The sampler became the hammer that producers like Marley Marl, Dr. Dre, and The Bomb Squad wielded to forge classics for Big Daddy Kane, N.W.A, and Public Enemy. Songs like “Ain’t No Half-Steppin,’” “Fuck Tha Police,” and “Fight the Power” are stuffed with snippets of other songs. According to WhoSampled, “Fight the Power” has 22 samples alone. Those songs were sound collages: The producers used a snare from here, a riff from there, and a James Brown grunt to create a new composition that was past, present, and future all at once. Hip-hop matured as an art form throughout this period. 

"Every time technology comes, it’s able to move things up a notch. The sampler is just a tool to take it to the next level so the masses could hear it."

As soon as things started to settle, they changed again. In the early ‘90s, it wasn’t just technology that evolved; it was the legal ramifications around sampling. Artists like Biz Markie, De La Soul, and yes, even Vanilla Ice ran into copyright lawsuits and got sued by artists they sampled from. While not every artist wanted their music to be associated with hip-hop (some samples are just never cleared), everyone else wanted their credit and share of the profits. The rulings and out-of-court settlements made it evident that all samples must be cleared with the original copyright holders—the same issue Rodgers originally had with “Rapper’s Delight.” Suddenly, sampling wasn't a cheap alternative. The DJs in the Bronx who couldn’t afford instruments or musical training but could make something out of nothing using this postmodern technique now had to climb complicated legal hurdles to make hip-hop music. 

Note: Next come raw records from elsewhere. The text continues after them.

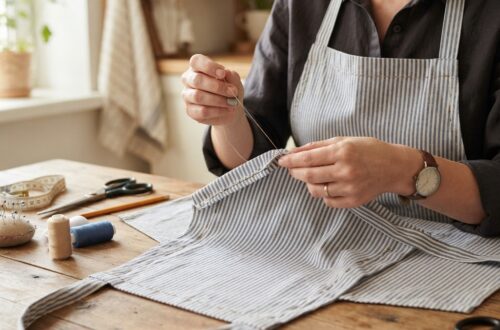 # Wie man eine Küchenschürze von Hand näht Eine Küchenschürze von Hand zu nähen ist ein praktisches und kreatives Projekt für Anfänger. Man benötigt keine Nähmaschine und kann mit einfachen Handstichen eine schöne Schürze für den Alltag herstellen. Gleichzeitig lernt man wichtige Grundlagen wie Messen, Zuschneiden, Bügeln und das Nähen stabiler Nähte. Eine selbst genähte Küchenschürze schützt die Kleidung beim Kochen und Backen. Sie eignet sich außerdem hervorragend als persönliches Geschenk. Mit einem schönen Stoff, einer Tasche oder einer kleinen Stickerei kann jede Schürze individuell gestaltet werden. In dieser Schritt-für-Schritt-Anleitung erfahren Sie, wie Sie eine einfache Küchenschürze von Hand nähen können. ## Warum eine Küchenschürze selbst nähen Eine Schürze ist ein gutes Anfängerprojekt, weil sie aus relativ einfachen Stoffteilen besteht. Beim Nähen können Sie verschiedene Fertigkeiten üben Stoff richtig messen Stoff sauber zuschneiden Kanten umbügeln Gerade Nähte nähen Handstiche verwenden Bänder herstellen Taschen aufnähen Stoff dekorieren Das Grundmodell lässt sich leicht an verschiedene Größen und Designs anpassen. ## Das benötigte Material Für eine einfache Küchenschürze benötigen Sie Baumwollstoff oder einen anderen robusten Stoff Handnähnadel Robustes Nähgarn Stoffschere Maßband Lineal Schneiderkreide oder auswaschbaren Stoffmarker Stecknadeln oder Stoffklammern Bügeleisen Optional Fingerhut Optional Stoff für eine Tasche Optional Stickgarn Baumwolle ist für Anfänger besonders praktisch. Sie lässt sich leicht schneiden und von Hand nähen und ist in vielen Farben und Mustern erhältlich. ## Schritt 1 Die Größe der Schürze bestimmen Legen Sie zunächst fest, wie groß die Schürze sein soll. Eine einfache Schürze für Erwachsene kann beispielsweise ungefähr 70 cm breit 80 cm lang sein. Diese Maße sind nur Richtwerte. Passen Sie die Größe an die Person an, die die Schürze tragen wird. Für eine Kinderschürze können Sie die Maße entsprechend verkleinern. ## Schritt 2 Den Stoff vorbereiten Waschen und trocknen Sie den Stoff nach Möglichkeit vor dem Zuschneiden. Dadurch kann sich der Stoff vor dem Nähen etwas einlaufen. Bügeln Sie den Stoff anschließend glatt. Legen Sie ihn auf eine große, ebene Fläche. ## Schritt 3 Die Schürzenform aufzeichnen Zeichnen Sie ein großes Rechteck für den unteren Teil der Schürze. An der Oberseite können Sie die Seiten leicht schräg gestalten, sodass eine typische Schürzenform entsteht. Markieren Sie außerdem den Bereich für die Taille und den oberen Brustbereich. Für eine besonders einfache Version können Sie zunächst mit einer rechteckigen Schürze beginnen. ## Schritt 4 Den Stoff zuschneiden Schneiden Sie die Schürzenform mit einer scharfen Stoffschere aus. Lassen Sie rund um die Form etwas zusätzliche Stoffbreite für die Säume. Markieren Sie die obere Kante, die Seiten und die untere Kante. Achten Sie darauf, symmetrisch zu arbeiten. ## Schritt 5 Die Stoffkanten vorbereiten Die Kanten einer Schürze sollten sauber verarbeitet werden, damit sie nicht ausfransen. Falten Sie die Stoffkante etwa 1 cm nach innen. Bügeln Sie die Falte. Falten Sie die Kante anschließend noch einmal nach innen und bügeln Sie sie erneut. Diese doppelte Faltung sorgt für eine saubere und stabile Kante. ## Schritt 6 Den Saum von Hand nähen Fixieren Sie die gefalteten Kanten mit Stecknadeln oder Stoffklammern. Fädeln Sie einen passenden Faden in die Nadel. Nähen Sie den Saum mit kleinen, gleichmäßigen Stichen. Ein Rückstich eignet sich für besonders stabile Nähte. Für eine weniger sichtbare Naht können Sie auch einen kleinen Saumstich verwenden. Arbeiten Sie langsam und vermeiden Sie es, den Faden zu stark anzuziehen. ## Schritt 7 Die Seiten säumen Nähen Sie nun die beiden Seitenkanten der Schürze. Falten Sie die Kanten nach innen. Bügeln Sie sie. Fixieren Sie sie anschließend mit Stecknadeln. Nähen Sie die Kanten sorgfältig von oben nach unten. Achten Sie darauf, dass beide Seiten ungefähr gleich breit sind. ## Schritt 8 Die obere Kante vorbereiten Die obere Kante der Schürze sollte ebenfalls sauber verarbeitet werden. Falten Sie die Kante nach innen. Bügeln Sie die Falte. Nähen Sie die Kante anschließend mit kleinen Stichen fest. Wenn die Schürze einen Latz hat, können Sie diesen Bereich etwas breiter gestalten. ## Schritt 9 Die Halsbänder herstellen Wenn Ihre Schürze einen Latz hat, benötigen Sie ein Band für den Hals. Schneiden Sie einen langen Stoffstreifen zu. Falten Sie den Streifen längs zur Mitte. Bügeln Sie ihn. Falten Sie anschließend die offenen Kanten nach innen. Bügeln Sie erneut. Nähen Sie die beiden langen Seiten mit kleinen, stabilen Stichen zusammen. ## Schritt 10 Das Halsband befestigen Positionieren Sie das Halsband an den oberen Ecken des Latzes. Fixieren Sie die Enden mit Stecknadeln. Nähen Sie sie mit mehreren Reihen stabiler Stiche fest. Da das Halsband regelmäßig belastet wird, sollten diese Stellen besonders gut verstärkt werden. ## Schritt 11 Das Taillenband herstellen Nun benötigen Sie zwei lange Bänder für die Taille. Schneiden Sie zwei Stoffstreifen in geeigneter Länge zu. Eine Länge von etwa 60–80 cm pro Seite kann je nach Größe der Schürze geeignet sein. Falten und bügeln Sie die Streifen wie beim Halsband. Nähen Sie die langen Kanten zusammen. ## Schritt 12 Die Taillenbänder befestigen Legen Sie die Bänder an die beiden Seiten der Schürze. Positionieren Sie sie auf gleicher Höhe. Fixieren Sie sie mit Stecknadeln. Nähen Sie die Befestigungsstellen mehrfach. Ein kleines Quadrat mit einem diagonalen Kreuz in der Mitte kann zusätzliche Stabilität schaffen. ## Schritt 13 Eine Tasche nähen Eine Tasche macht die Küchenschürze besonders praktisch. Schneiden Sie ein rechteckiges Stück Stoff aus. Falten Sie die obere Kante nach innen. Bügeln Sie sie. Nähen Sie diese Kante fest. Falten Sie anschließend die Seiten und die untere Kante nach innen. Positionieren Sie die Tasche auf der Vorderseite der Schürze. Fixieren Sie sie mit Stecknadeln. Nähen Sie die beiden Seiten und die Unterkante fest. Die obere Kante bleibt offen. ## Schritt 14 Die Tasche verstärken Die oberen Ecken der Tasche werden häufig belastet. Verstärken Sie diese Stellen mit zusätzlichen Stichen. Wenn Sie möchten, können Sie an den oberen Ecken kleine Dreiecke oder Quadrate nähen. So hält die Tasche auch Küchenutensilien oder kleine Gegenstände besser aus. ## Schritt 15 Die Schürze dekorieren Jetzt können Sie Ihrer Schürze eine persönliche Note geben. Mögliche Dekorationen sind Blumen Herzen Sterne Früchte Küchenmotive Initialen Namen Bunte Bänder Stoffapplikationen Dekorative Stickereien Mit einfachen Stickstichen können Sie wunderschöne Details hinzufügen. ## Einfache Stickideen Eine kleine Blume kann mit wenigen Stichen entstehen. Verwenden Sie grünes Garn für den Stiel und farbiges Garn für die Blütenblätter. Auch kleine Herzen oder Sterne lassen sich leicht mit Rückstich auf die Schürze sticken. Wenn Sie Anfänger sind, beginnen Sie mit einfachen Linien und Formen. ## Geeignete Handstiche Für eine handgenähte Küchenschürze eignen sich verschiedene Stiche. ### Rückstich Der Rückstich ist stabil und eignet sich für wichtige Nähte. ### Vorstich Der Vorstich ist einfach zu lernen und kann für dekorative Nähte verwendet werden. ### Saumstich Ein Saumstich eignet sich für saubere und weniger sichtbare Säume. ### Überwendlichstich Dieser Stich kann helfen, Stoffkanten vor dem Ausfransen zu schützen. ## Tipps für Anfänger Messen Sie den Stoff sorgfältig. Lassen Sie genügend Nahtzugabe. Bügeln Sie die Kanten vor dem Nähen. Verwenden Sie stabiles Garn. Nähen Sie kleine und gleichmäßige Stiche. Verstärken Sie die Bänder und Taschen. Ziehen Sie den Faden nicht zu fest. Prüfen Sie die Schürze zwischendurch auf Symmetrie. ## Häufige Fehler vermeiden ### Zu wenig Nahtzugabe Wenn Sie beim Zuschneiden keine ausreichende Nahtzugabe einplanen, können die Kanten später zu schmal werden. ### Schwache Bänder Hals- und Taillenbänder werden häufig bewegt und gezogen. Nähen Sie ihre Befestigungen deshalb besonders stabil. ### Ungleichmäßige Säume Messen und bügeln Sie die Säume sorgfältig, bevor Sie sie nähen. ### Zu große Stiche Große Stiche können die Schürze weniger stabil machen. ### Zu schwerer Stoff Sehr dickes Material kann für Anfänger schwierig zu nähen sein. Beginnen Sie besser mit einem robusten, aber gut handhabbaren Baumwollstoff. ## Eine einfache Schürze für Kinder Auch Kinder können eine einfache Schürze verwenden, zum Beispiel beim Backen oder bei kreativen Aktivitäten. Verwenden Sie einen bunten Stoff mit kindgerechten Motiven. Die Schürze sollte bequem sitzen und darf nicht zu lang sein. Für kleine Kinder sollten lange Bänder so gestaltet sein, dass sie sich nicht leicht verfangen können. Bei der Verwendung von Scheren und Nadeln ist eine angemessene Aufsicht wichtig. ## Kreative Schürzen-Ideen Sobald Sie die Grundform beherrschen, können Sie verschiedene Modelle ausprobieren. ### Blumenschürze Verwenden Sie einen Stoff mit Blumenmuster und ergänzen Sie kleine Stickereien. ### Patchwork-Schürze Kombinieren Sie mehrere Stoffreste zu einer bunten Vorderseite. ### Personalisierte Schürze Sticken Sie den Namen oder die Initialen des Trägers auf die Brustpartie. ### Backschürze Nähen Sie eine große Tasche für Kochlöffel, Geschirrtücher oder andere kleine Küchenutensilien. ### Kinderschürze Verwenden Sie fröhliche Farben und einfache Motive wie Tiere, Früchte oder Sterne. ## Ein einfaches Anfängerprojekt Wenn Sie zum ersten Mal eine Küchenschürze nähen, beginnen Sie mit einer einfachen rechteckigen Form. Sie benötigen 1. Ein großes Stück Baumwollstoff 2. Eine Nadel 3. Robustes Nähgarn 4. Eine Stoffschere 5. Ein Maßband 6. Stecknadeln 7. Stoff für die Bänder 8. Optional ein kleines Stück Stoff für eine Tasche Schneiden Sie die Grundform aus. Säumen Sie die Kanten. Nähen Sie die Hals- und Taillenbänder an. Fügen Sie bei Bedarf eine Tasche hinzu. Zum Schluss können Sie die Schürze dekorieren. ## Fazit Eine Küchenschürze von Hand zu nähen ist ein praktisches und kreatives Projekt für Anfänger. Sie lernen dabei wichtige Nähtechniken wie Zuschneiden, Säumen, Rückstich und das Befestigen von Stoffbändern. Beginnen Sie mit einer einfachen Form und einem gut zu verarbeitenden Baumwollstoff. Arbeiten Sie langsam und achten Sie besonders auf die Verstärkung der Bänder und Taschen. Wenn die Grundschürze fertig ist, können Sie sie mit Stickereien, Applikationen, bunten Stoffen oder einer praktischen Tasche individuell gestalten. So entsteht eine nützliche und persönliche Küchenschürze, die Sie selbst hergestellt haben.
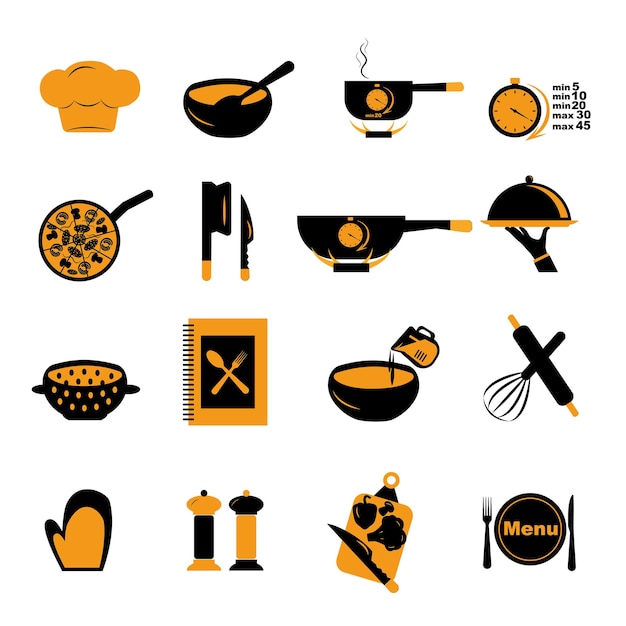 Kitchen tool icons set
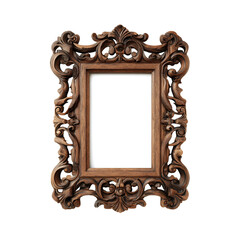 Ornate antique wood picture frame with intricate carvings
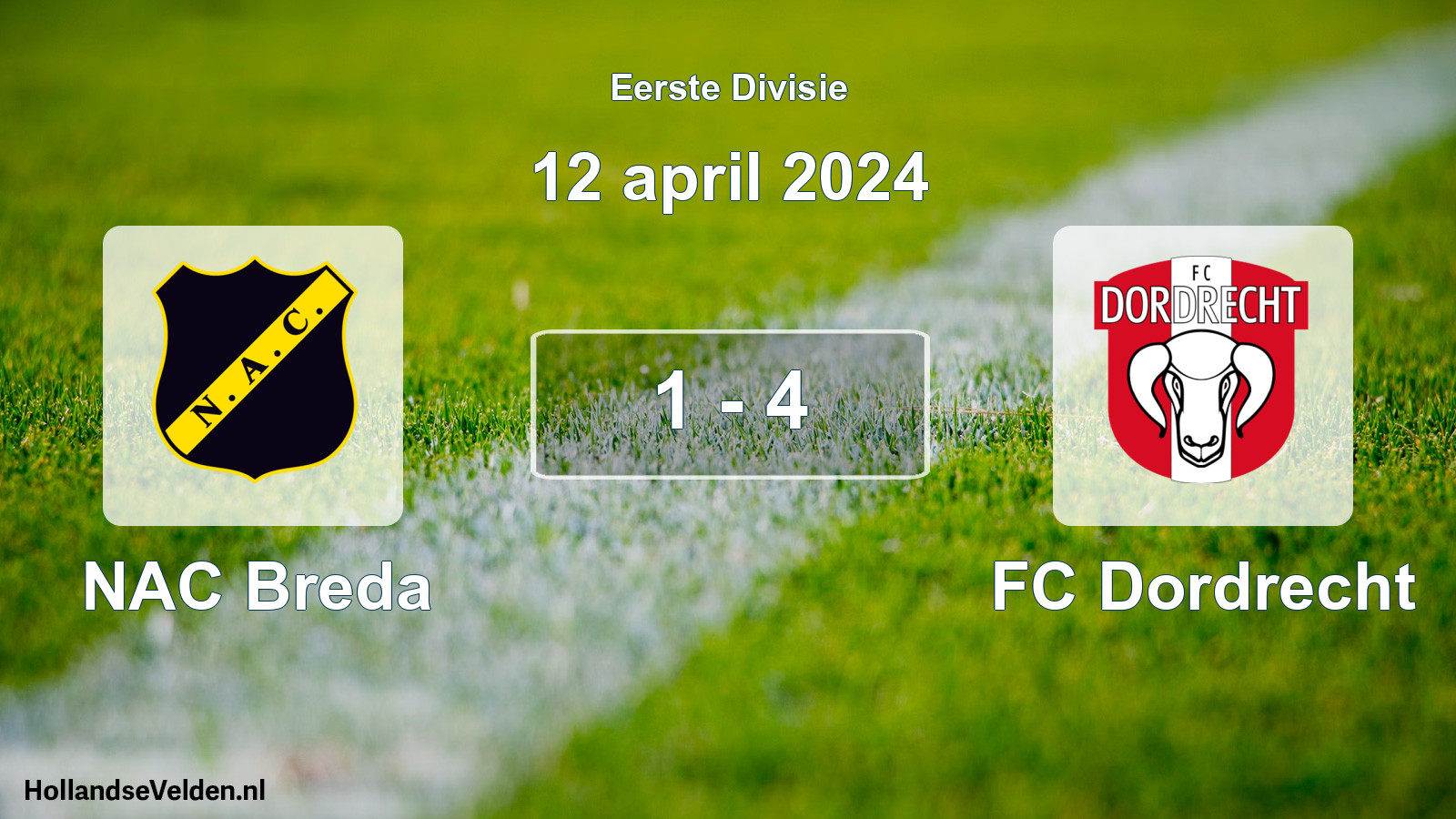 Total number of matches played: NAC Breda - FC Dordrecht 1 - 4 (12 April 2024)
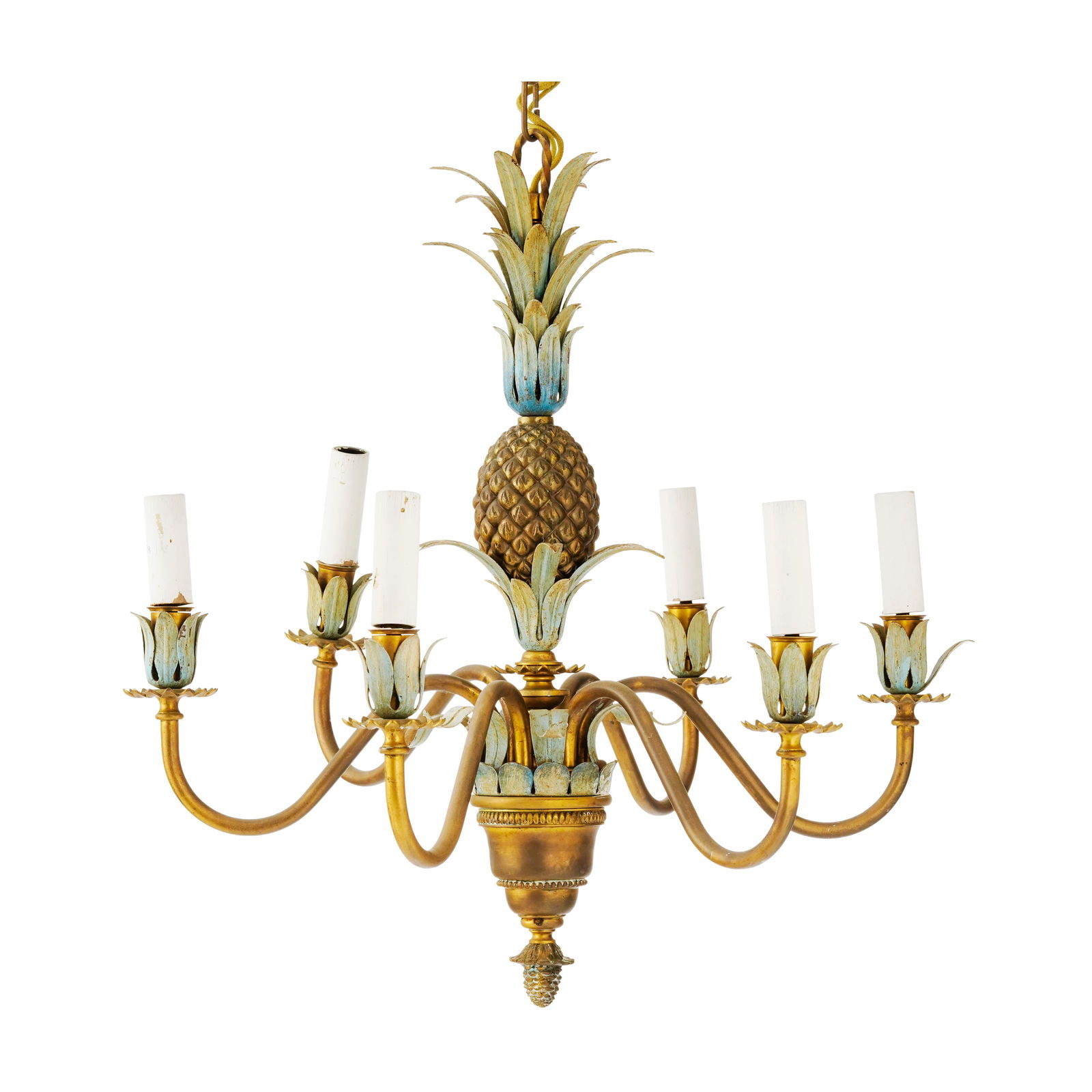 Lustre, XXe s., en métal patiné et doré, à décor d'un ananas et feuillages,: Lustre, XXe s., en métal patiné et doré, à décor d'un ananas et feuillages, h. 59 cm, diam. 56 cm Conditionusures et manques à la peinture traces de rouille nous ne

The legal woes distorted the sound of hip-hop, though not the spirit. For one, it kept De La Soul’s masterpiece 3 Feet High and Rising off the shelves and off streaming until recently. When De La made their 1996 album, Stakes Is High, they had to go through a list of artists they wanted to sample, only for their label to tell them to avoid certain legal minefields. It’s one reason why younger audiences might struggle to connect with De La or Public Enemy’s music: Having a dozen samples got complicated and expensive, so hip-hop gradually stopped sounding that way, and the reference points were eventually lost. This led to a shift toward more interpolation with live instrumentation and fewer samples per song, like Dr. Dre did with The Chronic. Some producers opted to manipulate sounds to the point that it was nearly impossible to identify the source material (thus the birth of the sample snitch). Others started digging deeper into crates to find more obscure sounds. 

“You get to the early ‘90s—you're starting to get like Diamond D, Pete Rock, and Gang Starr sampling jazz. That's a pretty big change,” said DJ A-Trak. “By the mid-’90s, you got producers sampling all kinds of deeper, weirder shit. It's not even jazz anymore, especially once you get into the era of production where it's lifting sounds from like any kind of weird sonic. All that is changing every two, three years.” 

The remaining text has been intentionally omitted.